***** Source information *****

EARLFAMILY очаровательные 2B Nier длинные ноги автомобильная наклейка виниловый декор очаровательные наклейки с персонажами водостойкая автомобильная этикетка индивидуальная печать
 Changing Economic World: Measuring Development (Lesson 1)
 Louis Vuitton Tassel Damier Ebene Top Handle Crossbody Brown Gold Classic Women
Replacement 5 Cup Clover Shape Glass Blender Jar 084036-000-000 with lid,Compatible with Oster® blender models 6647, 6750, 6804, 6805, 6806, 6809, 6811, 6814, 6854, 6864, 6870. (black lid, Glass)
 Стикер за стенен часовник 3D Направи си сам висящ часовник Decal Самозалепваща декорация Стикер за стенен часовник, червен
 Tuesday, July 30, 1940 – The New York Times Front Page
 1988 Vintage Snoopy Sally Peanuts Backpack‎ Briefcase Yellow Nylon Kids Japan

*****

# What to do:
Retype the records that precede this task, keeping them exactly the same.

# Answer to this exercise:
EARLFAMILY очаровательные 2B Nier длинные ноги автомобильная наклейка виниловый декор очаровательные наклейки с персонажами водостойкая автомобильная этикетка индивидуальная печать
 Changing Economic World: Measuring Development (Lesson 1)
 Louis Vuitton Tassel Damier Ebene Top Handle Crossbody Brown Gold Classic Women
Replacement 5 Cup Clover Shape Glass Blender Jar 084036-000-000 with lid,Compatible with Oster® blender models 6647, 6750, 6804, 6805, 6806, 6809, 6811, 6814, 6854, 6864, 6870. (black lid, Glass)
 Стикер за стенен часовник 3D Направи си сам висящ часовник Decal Самозалепваща декорация Стикер за стенен часовник, червен
 Tuesday, July 30, 1940 – The New York Times Front Page
 1988 Vintage Snoopy Sally Peanuts Backpack‎ Briefcase Yellow Nylon Kids Japan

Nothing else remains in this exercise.